Let $A$ be a nonsingular matrix of $\mathbb{R}^{n\times n}$, and let $ L_AP=A^TPA$. Let $\beta\in\mathbb{R}$ be such that $L_AP\geqslant \beta P$ holds for all $P>0$. Let $\lambda_i,\sigma_i$ are the $i$-th eienvalue and sigular value of $A$, respectively. I have two problems in the following:
Prob 1: Suppose the algebraic multiplicity of $\lambda_i$ is $1,\forall~i$. I wonder if the upper bound of $\beta$ is $\min_i|\lambda_i|^2$.
Prob 2: Suppose $A$ has have eienvalue whose algebraic multiplicity is more than $1$. I wonder if there is a upper bound of $\beta$. If there is, is it $\min_i\sigma_i^2$?
Any help is appreciated!
In all cases, $\min_i |\lambda_i|^2$ is an upper bound to $\beta$ (regardless of the multiplicity of the eigenvalues of $A$).
First, Suppose that $\lambda \in \Bbb R$ is an eigenvalue of $A^T$ and that $v \in \Bbb R^n$ is an associated eigenvector. For $t \in \Bbb R$, let $P_t = vv^T + tI$. Note that $P_t > 0$ for all $t > 0$. We note that $$ L_A(P_t) - \beta P_t = A^Tvv^TA - \beta vv^T + t(A^TA - \beta I) \\ = (\lambda^2 - \beta) vv^T + t(A^TA - \beta I). $$ This matrix must be positive semidefinite for all $t > 0$. Because the limit of positive semidefinite matrices is positive semidefinite, taking the limit of the above as $t \to 0^+$ allows us to conclude that $(\lambda^2 - \beta)vv^T$ is positive semidefinite, which can only occur if $\beta \leq \lambda^2$.
Now, suppose that $\lambda = a + bi$ with $b \neq 0$ is an eigenvalue of $A^T$, and that $v = x + iy$ (with $x,y \in \Bbb R^n$) is an associated eigenvector.
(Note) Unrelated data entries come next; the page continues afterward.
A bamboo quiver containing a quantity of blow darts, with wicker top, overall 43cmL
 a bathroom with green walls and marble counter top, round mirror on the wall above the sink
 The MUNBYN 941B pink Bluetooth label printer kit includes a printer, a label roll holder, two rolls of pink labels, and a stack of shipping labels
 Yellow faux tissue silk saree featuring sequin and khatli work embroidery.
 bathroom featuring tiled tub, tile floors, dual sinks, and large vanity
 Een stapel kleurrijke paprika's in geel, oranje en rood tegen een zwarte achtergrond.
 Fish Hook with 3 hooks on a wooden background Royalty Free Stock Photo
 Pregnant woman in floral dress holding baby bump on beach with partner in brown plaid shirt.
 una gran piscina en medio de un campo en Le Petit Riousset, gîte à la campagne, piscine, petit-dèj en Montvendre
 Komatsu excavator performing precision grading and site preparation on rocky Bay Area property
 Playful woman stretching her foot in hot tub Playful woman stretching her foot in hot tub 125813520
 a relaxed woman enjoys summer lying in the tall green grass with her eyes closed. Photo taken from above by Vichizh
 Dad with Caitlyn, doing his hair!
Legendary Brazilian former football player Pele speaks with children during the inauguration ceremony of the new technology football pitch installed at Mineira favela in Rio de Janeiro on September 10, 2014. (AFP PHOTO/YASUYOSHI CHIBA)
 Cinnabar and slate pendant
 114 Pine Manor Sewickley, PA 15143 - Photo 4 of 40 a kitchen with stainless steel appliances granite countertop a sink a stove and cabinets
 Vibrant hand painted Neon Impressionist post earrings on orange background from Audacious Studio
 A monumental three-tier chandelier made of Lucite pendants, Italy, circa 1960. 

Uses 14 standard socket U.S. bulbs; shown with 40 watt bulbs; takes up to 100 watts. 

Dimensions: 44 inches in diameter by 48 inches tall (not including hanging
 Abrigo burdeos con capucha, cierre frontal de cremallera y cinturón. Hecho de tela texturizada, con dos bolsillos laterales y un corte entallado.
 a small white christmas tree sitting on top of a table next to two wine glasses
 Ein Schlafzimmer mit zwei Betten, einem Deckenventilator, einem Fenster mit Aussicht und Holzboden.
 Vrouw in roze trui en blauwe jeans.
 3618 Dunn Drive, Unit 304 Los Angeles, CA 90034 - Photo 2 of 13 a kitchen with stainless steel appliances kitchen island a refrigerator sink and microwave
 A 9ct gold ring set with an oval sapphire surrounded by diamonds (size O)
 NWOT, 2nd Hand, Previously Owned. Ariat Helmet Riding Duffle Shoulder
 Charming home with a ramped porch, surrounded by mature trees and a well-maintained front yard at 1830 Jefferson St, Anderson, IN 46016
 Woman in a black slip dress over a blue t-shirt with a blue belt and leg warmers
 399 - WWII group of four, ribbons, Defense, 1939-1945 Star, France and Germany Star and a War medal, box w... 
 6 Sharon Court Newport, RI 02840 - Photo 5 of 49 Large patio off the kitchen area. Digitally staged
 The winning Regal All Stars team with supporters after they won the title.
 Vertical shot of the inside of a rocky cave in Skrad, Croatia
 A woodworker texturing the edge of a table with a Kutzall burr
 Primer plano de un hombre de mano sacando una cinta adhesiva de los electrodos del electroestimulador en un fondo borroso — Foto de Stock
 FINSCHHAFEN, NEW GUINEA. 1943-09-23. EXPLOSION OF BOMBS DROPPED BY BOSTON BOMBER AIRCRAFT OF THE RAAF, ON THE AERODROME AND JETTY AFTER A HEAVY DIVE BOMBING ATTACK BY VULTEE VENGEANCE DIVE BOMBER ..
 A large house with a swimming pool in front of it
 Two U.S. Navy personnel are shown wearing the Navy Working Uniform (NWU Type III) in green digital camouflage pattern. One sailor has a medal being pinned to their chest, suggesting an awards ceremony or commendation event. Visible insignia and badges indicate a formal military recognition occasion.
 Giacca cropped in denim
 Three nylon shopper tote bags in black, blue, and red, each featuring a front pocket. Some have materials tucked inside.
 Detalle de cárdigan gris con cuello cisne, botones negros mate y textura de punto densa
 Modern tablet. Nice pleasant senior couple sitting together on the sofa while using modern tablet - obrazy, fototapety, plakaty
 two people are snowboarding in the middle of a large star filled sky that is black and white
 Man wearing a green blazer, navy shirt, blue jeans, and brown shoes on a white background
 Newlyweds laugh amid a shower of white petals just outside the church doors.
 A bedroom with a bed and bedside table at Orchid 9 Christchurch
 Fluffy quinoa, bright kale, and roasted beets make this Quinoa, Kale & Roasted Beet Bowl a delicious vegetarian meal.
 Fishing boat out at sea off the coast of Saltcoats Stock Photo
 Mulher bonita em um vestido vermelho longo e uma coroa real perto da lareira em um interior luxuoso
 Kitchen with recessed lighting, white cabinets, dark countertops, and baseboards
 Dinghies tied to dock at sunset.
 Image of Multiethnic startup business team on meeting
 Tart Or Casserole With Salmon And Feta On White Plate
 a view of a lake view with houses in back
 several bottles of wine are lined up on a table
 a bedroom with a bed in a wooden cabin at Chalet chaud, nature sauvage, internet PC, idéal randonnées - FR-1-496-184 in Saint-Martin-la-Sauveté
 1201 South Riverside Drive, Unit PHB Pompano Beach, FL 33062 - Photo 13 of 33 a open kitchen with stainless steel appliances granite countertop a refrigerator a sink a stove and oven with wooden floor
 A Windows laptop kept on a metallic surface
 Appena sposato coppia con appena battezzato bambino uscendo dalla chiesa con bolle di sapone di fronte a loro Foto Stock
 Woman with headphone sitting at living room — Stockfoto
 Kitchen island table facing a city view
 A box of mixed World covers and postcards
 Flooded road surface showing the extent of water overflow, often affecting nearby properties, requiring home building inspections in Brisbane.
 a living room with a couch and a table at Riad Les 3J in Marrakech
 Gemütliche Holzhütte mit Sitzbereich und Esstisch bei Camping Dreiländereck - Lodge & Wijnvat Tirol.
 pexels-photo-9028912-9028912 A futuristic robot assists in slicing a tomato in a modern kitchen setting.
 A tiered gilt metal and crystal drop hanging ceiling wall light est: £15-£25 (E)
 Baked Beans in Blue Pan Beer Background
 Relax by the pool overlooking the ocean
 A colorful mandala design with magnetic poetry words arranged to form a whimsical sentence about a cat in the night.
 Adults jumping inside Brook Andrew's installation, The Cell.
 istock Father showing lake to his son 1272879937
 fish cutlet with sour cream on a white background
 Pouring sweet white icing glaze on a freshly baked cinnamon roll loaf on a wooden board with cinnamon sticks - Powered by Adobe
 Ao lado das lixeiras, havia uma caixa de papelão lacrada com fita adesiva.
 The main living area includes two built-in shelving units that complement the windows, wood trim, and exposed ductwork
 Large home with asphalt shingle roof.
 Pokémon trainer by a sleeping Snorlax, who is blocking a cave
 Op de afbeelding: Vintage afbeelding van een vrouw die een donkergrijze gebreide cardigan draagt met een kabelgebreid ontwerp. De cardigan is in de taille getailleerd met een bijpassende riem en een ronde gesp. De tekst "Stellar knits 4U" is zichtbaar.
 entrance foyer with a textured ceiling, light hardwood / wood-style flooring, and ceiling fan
Note that $$ A^T(x + iy) = (a + bi)(x + iy) = (ax - by) + i(bx + ay) \implies\\ A^Tx = ax - by, \quad A^Ty = bx + ay. $$ Using this fact, verify that $$ L_A(xx^T + yy^T) = (a^2 + b^2)(xx^T + yy^T) = |\lambda|^2 (xx^T + yy^T). $$ With that established: for $t > 0$, let $P_t = xx^T + yy^T + tI$. We find that $$ L_A(P_t) - \beta P_t = (|\lambda|^2 - \beta)(xx^T + yy^T) + t(A^TA - \beta I). $$ This matrix must be positive semidefinite for all $t > 0$. Because the limit of positive semidefinite matrices is positive semidefinite, taking the limit of the above as $t \to 0^+$ allows us to conclude that $(\lambda^2 - \beta)vv^T$ is positive semidefinite, which can only occur if $\beta \leq |\lambda|^2$.
Thus, we conclude that $\beta \leq |\lambda_i|^2$ for all $i$, which means that $\min_i |\lambda_i|^2$ is indeed an upper bound for $\beta$.